## EXERCISE
Using the listing below, print the line containing "Maison à MARTIGNE-FERCHAUD", the line containing "Immagine 3/40 di Mercedes-Benz 380 SE (1985)", and each line between them, exactly and nothing else. Pictures stay out of the print.

## EXTRACTED DATA

________

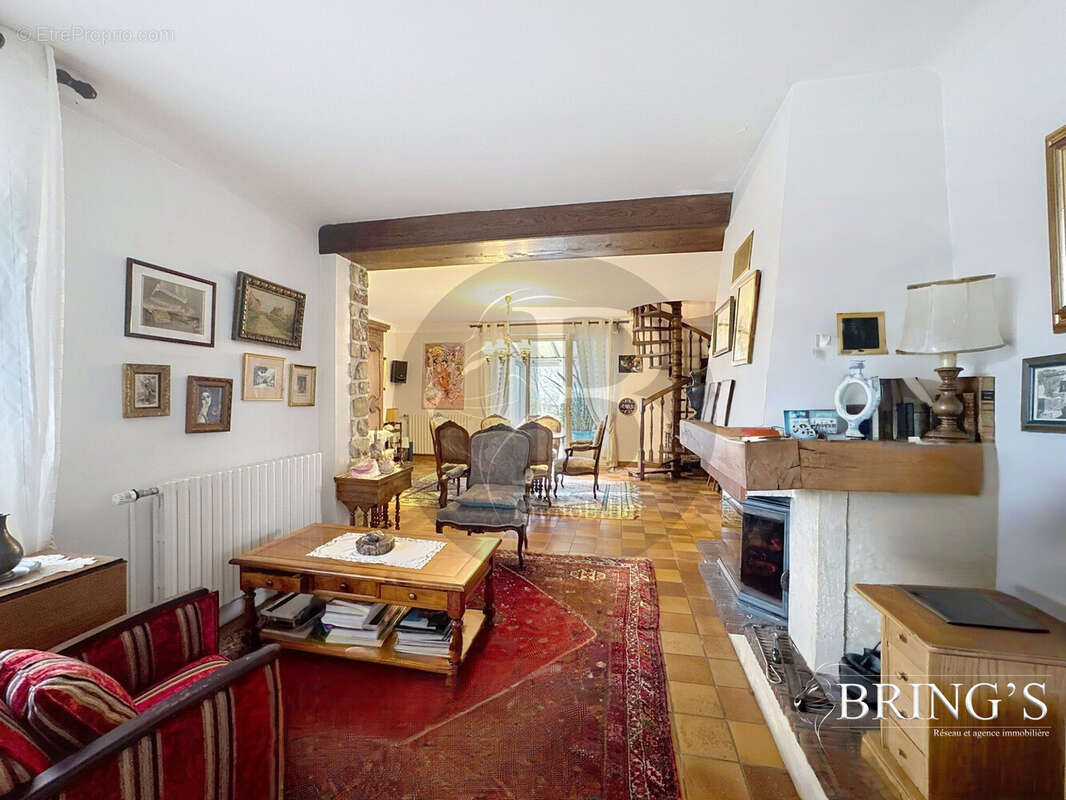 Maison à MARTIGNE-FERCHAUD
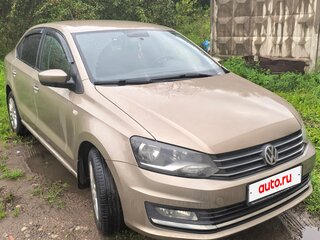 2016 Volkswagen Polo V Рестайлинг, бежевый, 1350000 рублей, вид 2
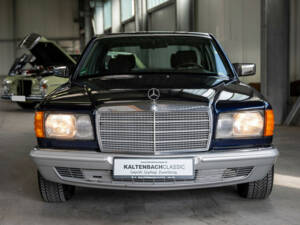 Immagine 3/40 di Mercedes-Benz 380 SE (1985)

________

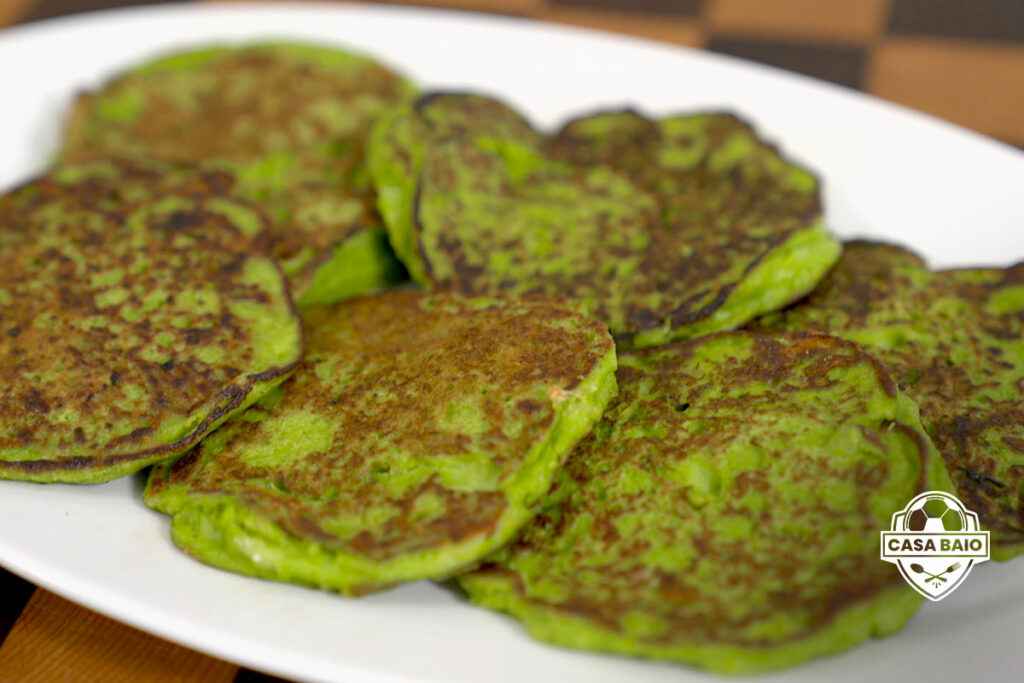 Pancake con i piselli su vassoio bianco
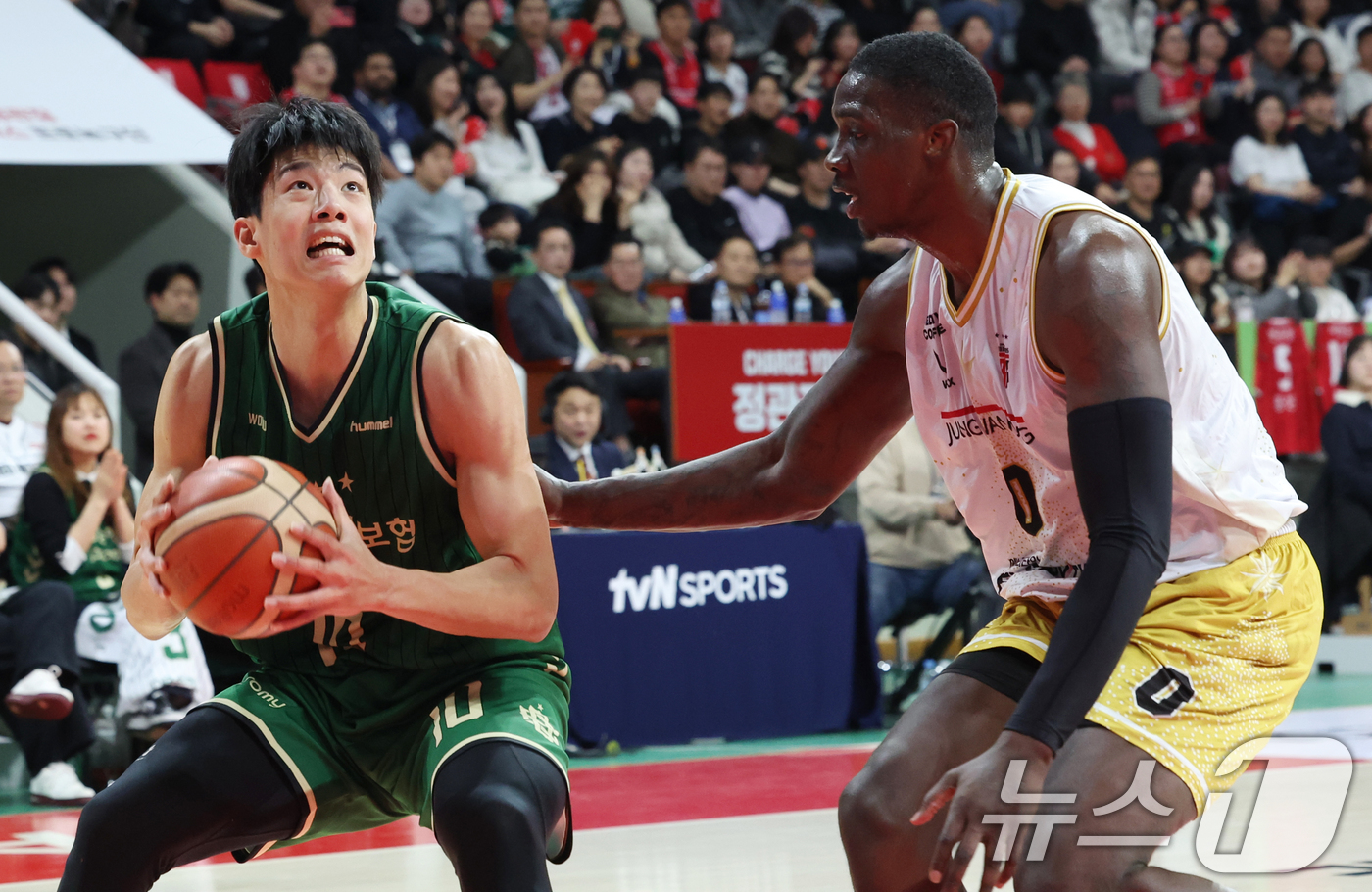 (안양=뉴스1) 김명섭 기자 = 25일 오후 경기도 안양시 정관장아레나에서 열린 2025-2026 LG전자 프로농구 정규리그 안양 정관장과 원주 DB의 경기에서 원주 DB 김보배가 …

________

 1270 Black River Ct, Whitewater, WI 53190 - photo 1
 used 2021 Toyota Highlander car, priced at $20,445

________

## SOLVED PROBLEM
 Maison à MARTIGNE-FERCHAUD
 2016 Volkswagen Polo V Рестайлинг, бежевый, 1350000 рублей, вид 2
 Immagine 3/40 di Mercedes-Benz 380 SE (1985)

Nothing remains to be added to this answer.